I need a new series author.

Correction, I need to go out and buy a copy of Belladonna, becuase the only way I'm gonna break my StephMey addiction is to feed my AnneBish addiction.

+10 awesome points for combining first and last names of real people.
3rd-Dec-2008 04:34 am - Musings
Green Ariel
It is three o'clock in the morning, and I'm awake. This should not be, seeing as I have to wake up at seven thirty to meet the boyfriend for some good old fashioned relationshipping.

I need a car. Badly.

More than not, I've been realizing that procrastinating my life because I have no freaking idea what the heck I'm doing is not a good plan for the future. I don't think anyone really knows what they're doing, none the less at nineteen, so, I shouldn't really worry about making inappropreate mistakes now should I?

On a happier, less existential note, I am rolling around in Disney and loving every freaking minute of it. I have been reading [info]curiousinsane over and over again, and it is causing my mind to have lovely disney overloads that, god willing, will turn into something productive and enjoyable for audiences far and wide.

If I had to steal someone, anyone in the world's talent, it would be [info]bri_chan's artistic wonderment. I envy her, and all her disneyworlding self.

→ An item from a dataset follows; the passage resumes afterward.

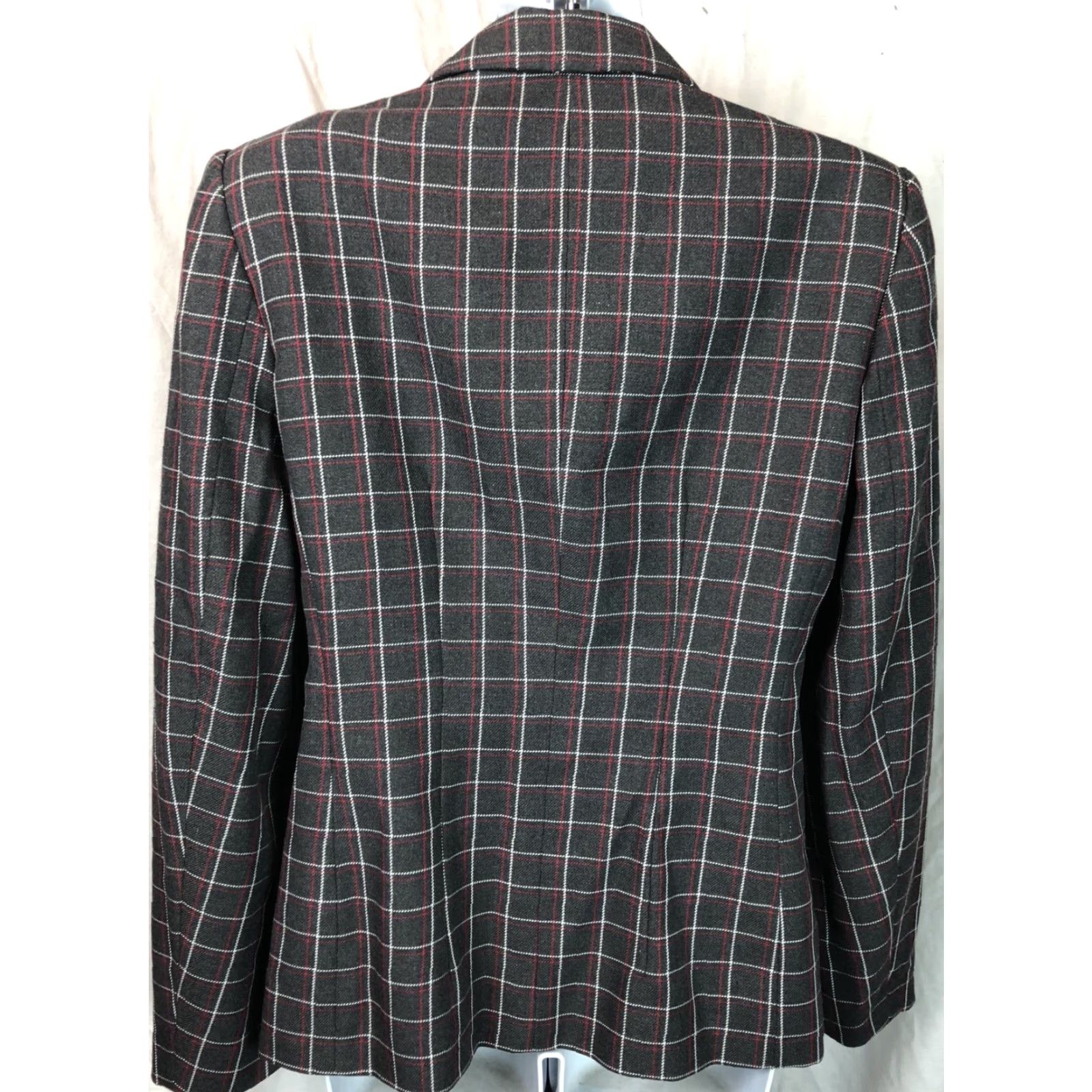 Liz Claiborne Liz Claiborne Blazer Gray Plaid Full Zip Notch Collar Jacket Women 8 Lined Career Office Vintage? No Size M / US 6-8 / IT 42-44 - 3 Thumbnail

I've been listening to more and more musicals, and less and less normal people music, and I think it's starting to take a toll on me. The other day, I swear, I could hear background music to my thought process on the bus. That's just what I need, to hear music where others don't. On that note, however, I have been listening to the Across The Universe soundtrack, and Jim Sturgess (Jude) and Joe Anderson (Max) have the voices of a beautiful god men.

Joe Anderson is my new celebrity crush <3. It's strange, I don't usually go for blonds, but him be pretty. Anderson's "Hey Jude" is my favorite recording, save the Beatles themselves.